From Great Ormond Street, we attended St. John's Chapel in Bedford Row, then served by Daniel Wilson, afterwards Bishop of Calcutta. He was succeeded in 1826 by the Rev. Baptist Noel. Your uncle generally went to church with us in the morning, and latterly formed the habit of walking out of town, alone or with a friend, in the after part of the day. I never heard that my father took any notice of this; and, indeed, in the interior of his own family, he never attempted in the smallest degree to check his son in his mode of life, or in the expression of his opinions.

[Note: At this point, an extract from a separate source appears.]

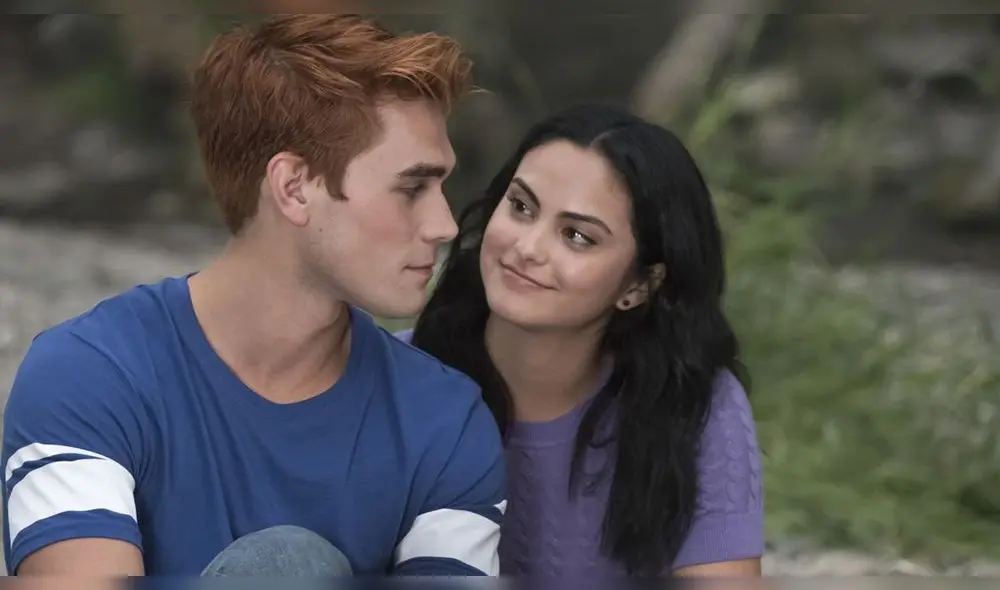 La actriz de Riverdale aparece en un video donde demuestra sus dotes para el baile con conocida canción.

I believe that breakfast was the pleasantest part of the day to my father. His spirits were then at their best, and he was most disposed to general conversation. He delighted in discussing the newspaper with his son, and lingered over the table long after the meal was finished. On this account he felt it extremely when, in the year 1829, your uncle went to live in chambers, and often said to my mother that the change had taken the brightness out of his day. Though your uncle generally dined with us, yet my father was tired by the evening, so that the breakfast hour was a grievous loss to him, as indeed it was to us all. Truly he was to old and young alike the sunshine of our home; and I believe that no one, who did not know him there, ever knew him in his most brilliant, witty, and fertile vein.
That home was never more cheerful than during the eight years which followed the close of Macaulay's college life. There had been much quiet happiness at Clapham, and much in Cadogan Place; but it was round the house in Great Ormond Street that the dearest associations gathered. More than forty years afterwards, when Lady Trevelyan was dying, she had herself driven to the spot, as the last drive she ever took, and sat silent in her carriage for many minutes with her eyes fixed upon those well-known walls.